Je bosse avec des copains comme Florent Marchet qui démarrait. Ensuite, un mec me branche pour écrire une chanson pour Dani. J’avais deux ou trois trucs, mais je me suis dit qu’il me fallait un vrai auteur et là je croise Daniel Rozoum. En fait, avec mon groupe, à un moment donné, on a eu Laurent Sinclair comme claviers. Et on avait aussi fait la première partie de Daniel au New Morning, quand ils avaient ressorti Taxi girl chez New Rose. Et donc là je branche Daniel pour voir si on ne peut pas faire une chanson ensemble pour Dani . C’était « Rouge Rose » et c’est sorti. Ensuite, on a fait « Crêve-cœur » et on a eu un retour énorme. Daniel et moi on était assez secoué, on ne pensait pas que cela marquerait autant. Et je suis aussi propriétaire des bandes puisque je suis producteur. Je fais une licence chez Mercury avec le taulier qui m’avait rendu mon contrat, Santi. Et pour l’anecdote, il y a trois chansons de « Crêve-cœur » qui sont faites à partir de musiques de mon premier album. J’avais vraiment une vision de ce qu’il fallait faire sur Daniel et certaines des chansons qu’on écrivait ne rentraient pas dans la ligne éditoriale que nous avions tracée. Je voulais vraiment que d’un coup cet album soit une claque .
Quand on l’a reçu, on s’est dit « voilà sans doute le meilleur album de Daniel Darc ! »

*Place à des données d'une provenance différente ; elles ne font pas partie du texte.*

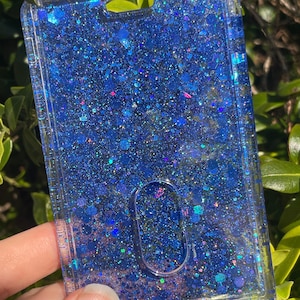 Dark blue glitter card holder, id holder, card holder, badge holder, vertical card holder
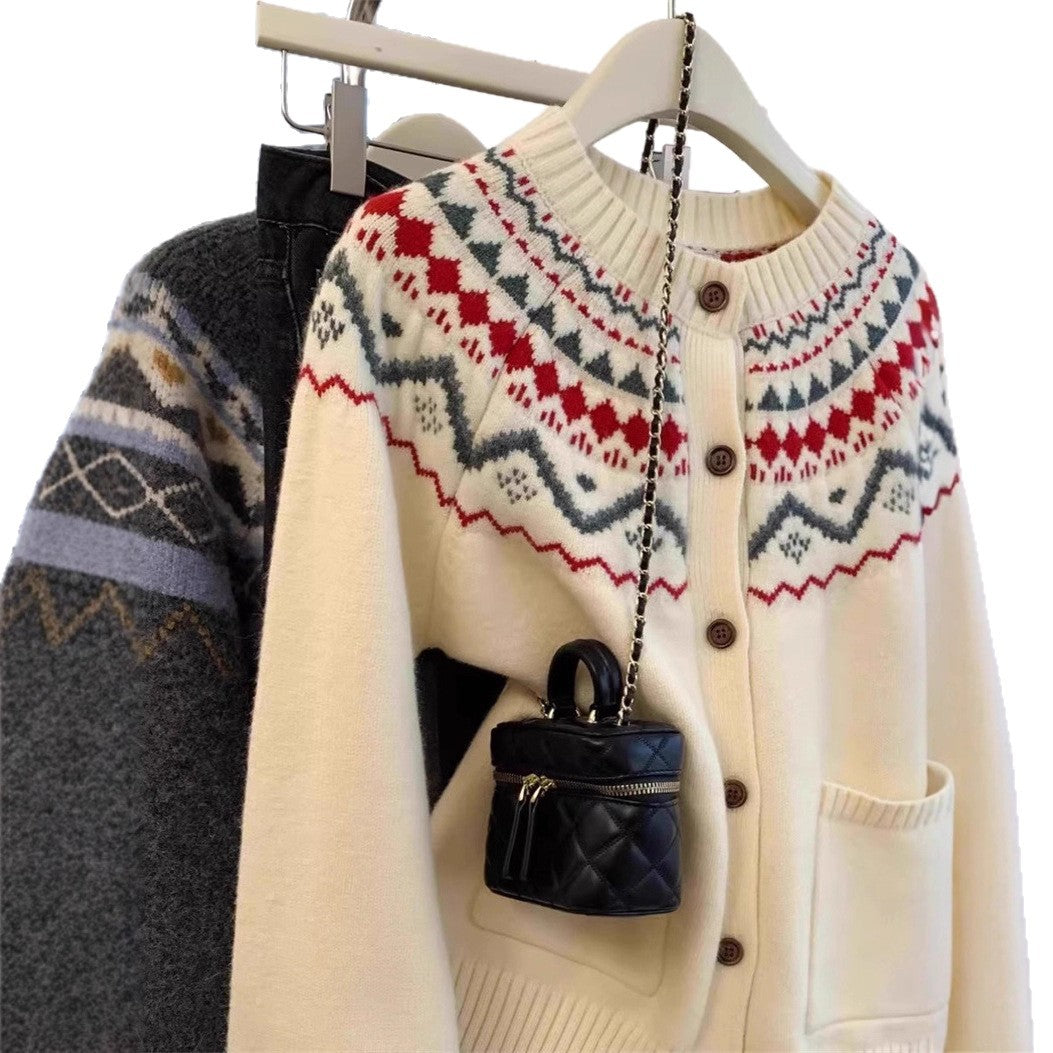 Fair Isle Knit Cardigan for Women - Soft, Loose Bohemian Style Round Neck Fashionable Sweater Top
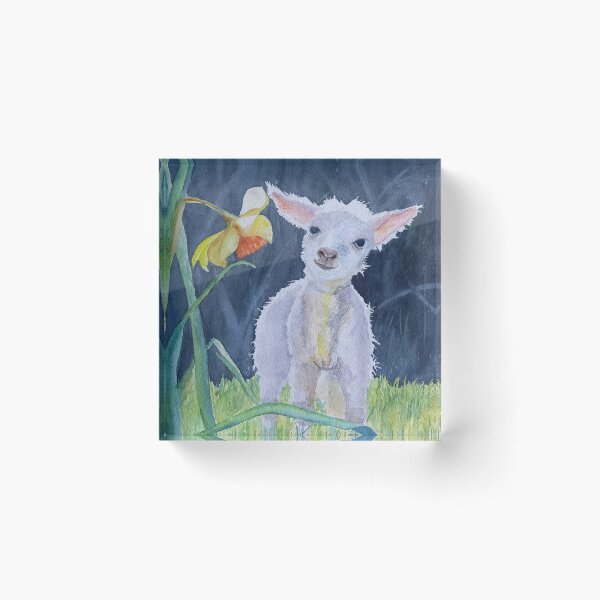 Item preview, Spring Lamb with Daffodil, Watercolour Spring Lamb designed and sold by AngelaHart1.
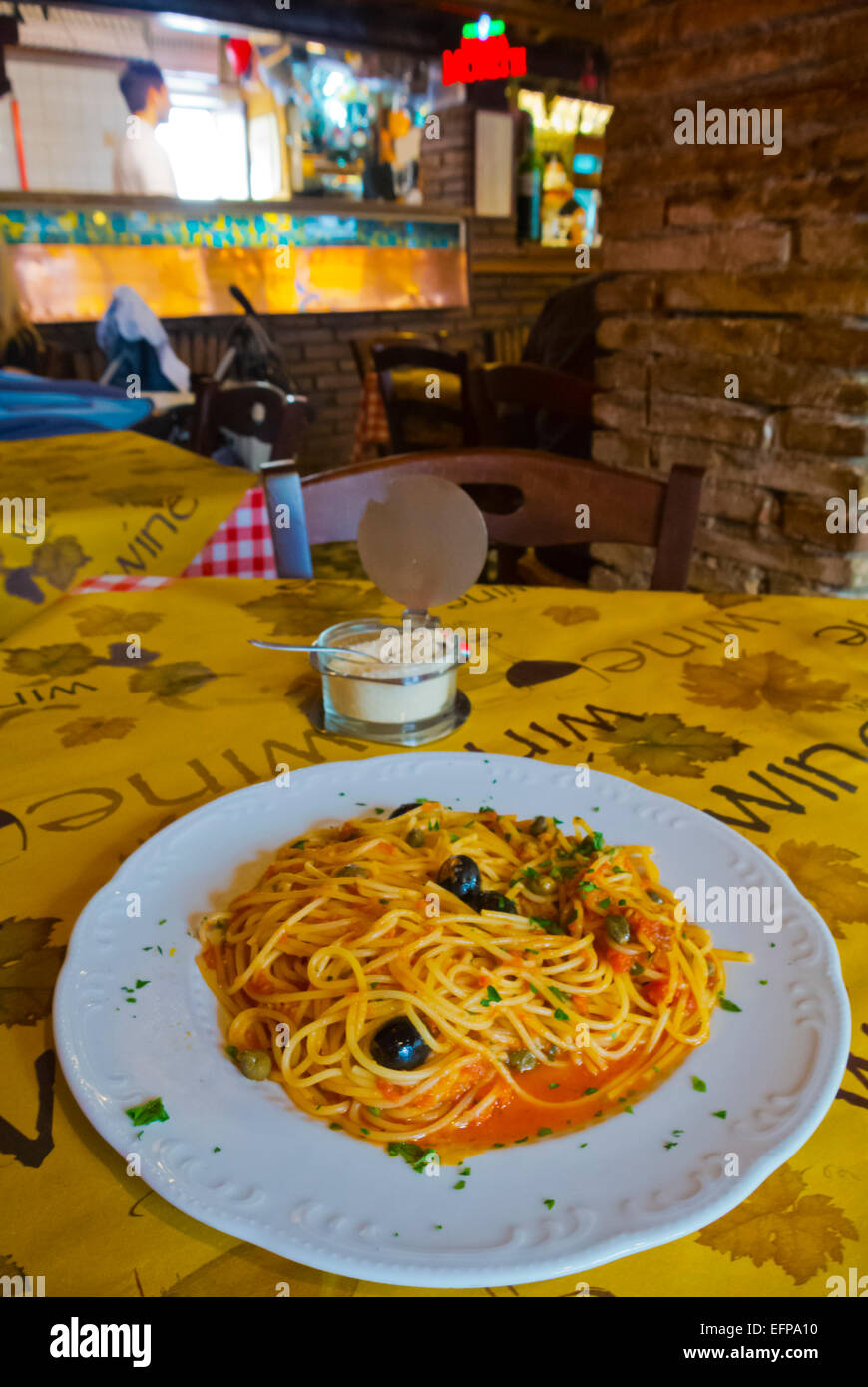 Seafood sgaghetti, C'era una volta restaurant, centro storico, Pesaro, Marche region, Italy Stock Photo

Quand on faisait ce disque, Daniel était encore un proscrit, mais dés la sortie de « Crêve-cœur », c’était une toute autre musique. Le téléphone ne cessait plus de sonner. Et après Daniel, je me retrouve à faire Stephan Eicher avec « Eldorado ». Il est presque aussi fou que Daniel, même si c’est moins visible. On a mis huit mois à enregistrer huit chansons.
Pour revenir à Daniel ce qui vous liait c’est que vous aviez les mêmes références rock, comme celles qu’il énumère sur le dernier titre de l’album des inédits de « Crêve-cœur ».
Oui, « Hank Williams ».
Après Daniel et Stephan ?
Je fais les « Chansons d’amour » d’Alex Beaupain avec lequel on a décroché un César de la « Meilleure musique de film ». Parallèlement, avec Daniel on a fait les mercenaires en écrivant pour Johnny, Alizée ou Marc Lavoine, qui était fan de Daniel. C’est d’ailleurs grâce à Marc qu’on avait pu signer chez Universal avec Daniel. C’est lui qui a convaincu Pacsal Nègre de signer « Crêve-cœur ».
Et 3 ou 4 ans plus tard, vous avez fait le second album « Amours suprêmes »
Là, c’était beaucoup plus compliqué à faire, car Daniel avait 150 000 potes autour. Et pas toujours les meilleurs. La valise du bon Docteur Feelgood était toujours pleine, on va dire. Donc, très difficile à gérer. Mais il y a eu de super rencontres, heureusement comme ce duo avec Bashung. Avec Robert Wyatt en tant qu’invité, Steve Nieve, des gens comme ça. Car cette fois, vu qu’on avait les moyens, je ne voulais pas faire tout l’album tout seul, comme sur « Crève-cœur » où je compose et où je joue de tout…mais tout seul. Daniel était complètement absent ; 95% du temps, il dormait à côté de moi. Mais j’aime beaucoup cet album tout de même, car il était plus en tension. C’était plus dur, donc il a un côté plus aride. Mais j’aime beaucoup ce disque. Après, c’était trop compliqué, on n’arrivait plus. On était moins libre, on avait moins de temps. Je faisais des prods, Daniel tournait. Quand on devait se voir, il arrivait avec quatre heures de retard défoncé. Notre lune de miel était derrière nous, comme on dit. Après, j’ai fait un disque avec Pony Pony Run Run. Là je suis d’ailleurs en train d’achever leur troisième album où je ne suis que réalisateur. Souvent je co-écris des titres que je ne co-signe pas toujours.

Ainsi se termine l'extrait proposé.